The system reads xml descriptor files at startup providing both the definition of registered metacards and the corresponding validation rules for attributes of each metacard type. These are added to the registry and are available for use by other definitions.

The Validation Framework follows the standard Java Validation specifications for validation rules (JSR-303 and JSR-349). These specifications provide a standard framework for validating Java Beans. The goal is to provide the same validation capabilities for metacards that exist for Java Beans. DDF components that need to validate metacards or individual attributes (metacard validators, metadata editor) can invoke validators against a metacard as a whole, or against specific attributes of a given metacard type.

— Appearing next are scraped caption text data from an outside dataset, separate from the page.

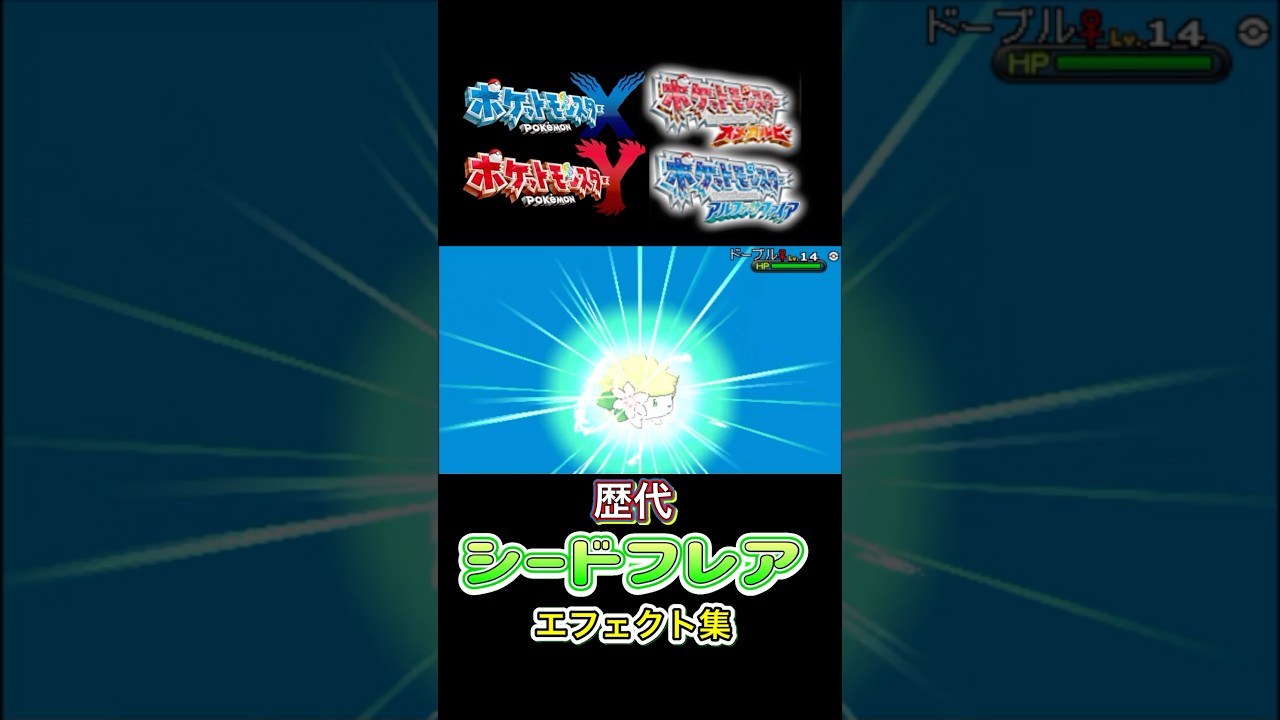 シードフレア シェイミ（ランドフォルム） ダイパからSVまで集めみた #歴代技エフェクト集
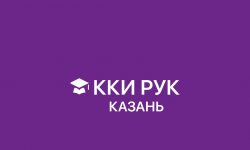 Отчет по практике в ККИ (Казань)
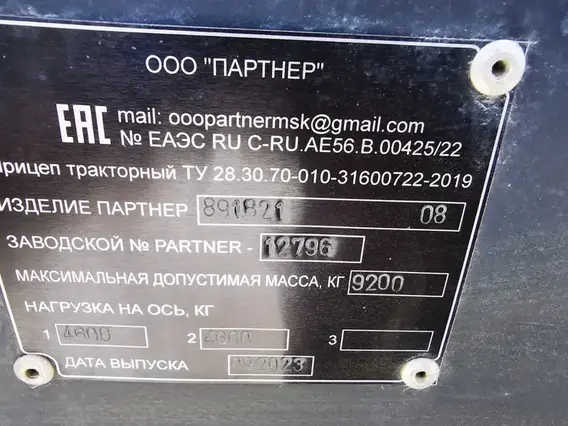 ПАРТНЕР 891821 2023 года б/у фото 9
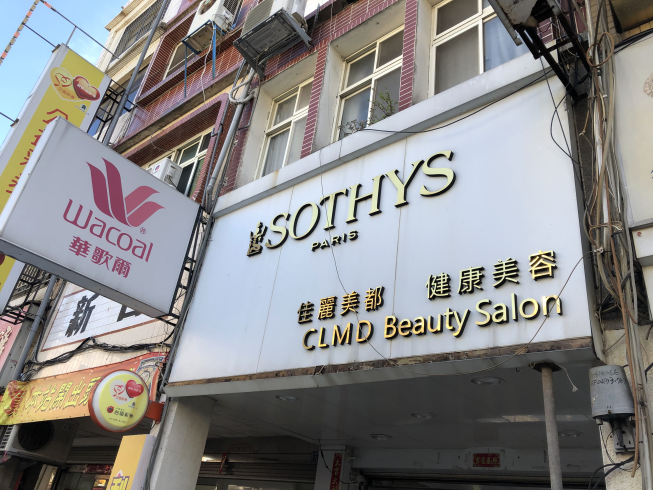 佳麗美都(今日粧業生活館)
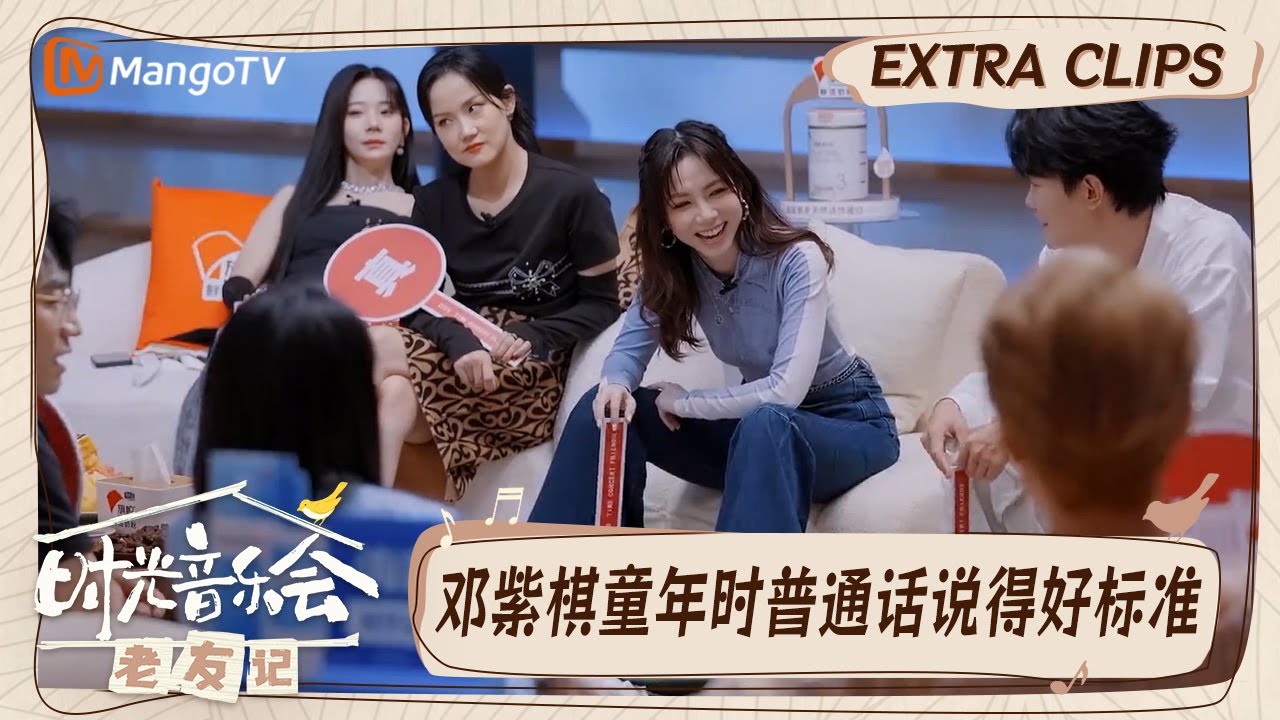 【精彩看点】邓紫棋童年曾出演少儿教育题材节目  普通话超标准惊呆众人｜时光音乐会•老友记 Time Concert • Old Friends｜MangoTV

The MetacardType Registry holds the definitions of each metacard type that has been created. The definitions for each metacard type are created by reading XML descriptors or by dynamic API invocations. Input transformers can ask for a metacard of a given type and it will be generated with all of the attributes populated (no values assigned yet) based on that type’s definition.

Defining New Metacard Types

New metacard types can be defined either programmatically or by declaratively using an XML metacard description file. Metacard types are defined by providing the name of the metacard type, referencing any existing metacard type(s) that are to be included, and a set of attribute declarations identifying unique attributes that make up this new metacard type. The constraints for the provided attributes are handled separately from the metacard type definition.

Out of the box, DDF provides a common set of metacard types and their constraints. This set of common metacards should be consulted first before defining new metacard types with potentially overlapping attributes. Where possible, reuse existing metacard types and definitions before defining custom attributes - that provides for the greatest inter-operability when searching on specific fields. Metacard type definitions can include references to other metacard types in order to build on or extend existing metacard definitions. For example, a default "ddf" metacard type defines the attributes that all metacard types should include no matter what the actual data product they describe happens to be. These common attributes include things such as created and modified dates, title, resource URI, etc.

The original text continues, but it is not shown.